Latest run #46 failed

9 passed 1 failed

head e5de18afb0d4b97e9c0e792f6ac52c7e7827a5f0 · queued 2026-03-24 16:22:38 · 10 lane(s)

queued 4m 12s · ran 30m 15s

check-pika-rust · success check-pika-followup · success check-notifications · success check-agent-contracts · success check-rmp · success check-pikachat · success check-pikachat-typescript · success check-apple-host-sanity · failed check-pikachat-openclaw-e2e · success check-fixture · success

Summary

This branch simplifies the Incus guest runtime contract in the pikaci CI executor by eliminating the dual-mode (transfer vs. single_host_shared) architecture. The transfer mode — which copied Nix closures and workspace snapshots into the guest — is removed entirely, leaving only the shared-mount path where host directories are exposed as read-only virtiofs devices. The guest bootstrap script that executor.rs used to synthesize per-job is replaced by a stable image-owned binary at /run/current-system/sw/bin/pikaci-incus-run, with job parameters passed as environment variables on the incus exec command line. Correspondingly, the Nix CI expressions switch all staged wrapper shebangs and interpreter references from host /nix/store paths to guest-local paths under /run/current-system/sw/bin, removing the PIKACI_STAGED_HOST_NIX_STORE_ROOT indirection and the host /nix/store mount. The migration plan documentation is updated to reflect the consolidated single-path architecture and the image-owned guest contract.

Tutorial Steps

Remove the RemoteLinuxVmIncusMode enum and transfer-mode infrastructure

Intent: Eliminate the dual-mode branching (Transfer vs SingleHostShared) from the executor, collapsing the Incus backend to a single shared-mount code path. This removes the mode enum, its environment variable, the default constant, and the incus_mode field from RemoteLinuxVmContext.
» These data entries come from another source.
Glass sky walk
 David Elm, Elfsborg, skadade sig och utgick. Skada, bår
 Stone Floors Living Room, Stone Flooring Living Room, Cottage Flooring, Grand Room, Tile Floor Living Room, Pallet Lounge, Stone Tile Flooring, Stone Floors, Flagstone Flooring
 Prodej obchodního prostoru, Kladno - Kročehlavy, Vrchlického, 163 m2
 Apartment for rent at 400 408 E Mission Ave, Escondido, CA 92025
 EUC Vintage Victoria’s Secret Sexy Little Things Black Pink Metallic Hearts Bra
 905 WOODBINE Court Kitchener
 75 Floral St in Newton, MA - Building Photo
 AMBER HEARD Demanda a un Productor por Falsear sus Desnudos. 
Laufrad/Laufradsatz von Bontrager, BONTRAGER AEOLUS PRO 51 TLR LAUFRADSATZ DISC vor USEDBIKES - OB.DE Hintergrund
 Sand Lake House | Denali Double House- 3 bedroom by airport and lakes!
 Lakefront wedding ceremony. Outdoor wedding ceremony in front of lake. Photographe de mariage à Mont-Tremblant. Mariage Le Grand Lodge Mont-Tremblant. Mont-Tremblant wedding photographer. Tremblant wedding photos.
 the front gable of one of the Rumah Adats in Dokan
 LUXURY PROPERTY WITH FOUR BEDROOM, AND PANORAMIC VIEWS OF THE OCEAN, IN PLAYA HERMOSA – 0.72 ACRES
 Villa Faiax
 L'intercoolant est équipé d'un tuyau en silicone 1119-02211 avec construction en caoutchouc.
Affected files: crates/pikaci/src/executor.rs

Evidence
@@ -81,7 +81,6 @@ struct RemoteLinuxVmContext {
-    incus_mode: RemoteLinuxVmIncusMode,
@@ -97,22 +96,6 @@
-    remote_incus_closure_dir: PathBuf,
-}
-
-#[derive(Clone, Copy, Debug, Eq, PartialEq)]
-enum RemoteLinuxVmIncusMode {
-    Transfer,
-    SingleHostShared,
-}
@@ -238,16 +221,14 @@
-const REMOTE_LINUX_VM_INCUS_MODE_ENV: &str = "PIKACI_REMOTE_LINUX_VM_INCUS_MODE";
-const REMOTE_LINUX_VM_INCUS_MODE_DEFAULT: &str = "single_host_shared";
@@ -2261,20 +2232,6 @@
-fn remote_linux_vm_incus_mode() -> anyhow::Result<RemoteLinuxVmIncusMode> {

The RemoteLinuxVmIncusMode enum (Transfer / SingleHostShared) and all supporting code are deleted:

  • The incus_mode field is removed from RemoteLinuxVmContext (executor.rs:83).
  • The remote_incus_closure_dir field is removed — it was only used by the transfer path to track Nix store closure state.
  • The PIKACI_REMOTE_LINUX_VM_INCUS_MODE environment variable, its default constant, the remote_linux_vm_incus_mode() parser, and the remote_linux_vm_incus_mode_label() helper are all deleted.
  • In remote_linux_vm_context(), the match on backend to determine incus_mode is removed; the context is now constructed unconditionally without a mode field.

This is the foundational change — every subsequent diff hunk in executor.rs follows from the removal of this branching point.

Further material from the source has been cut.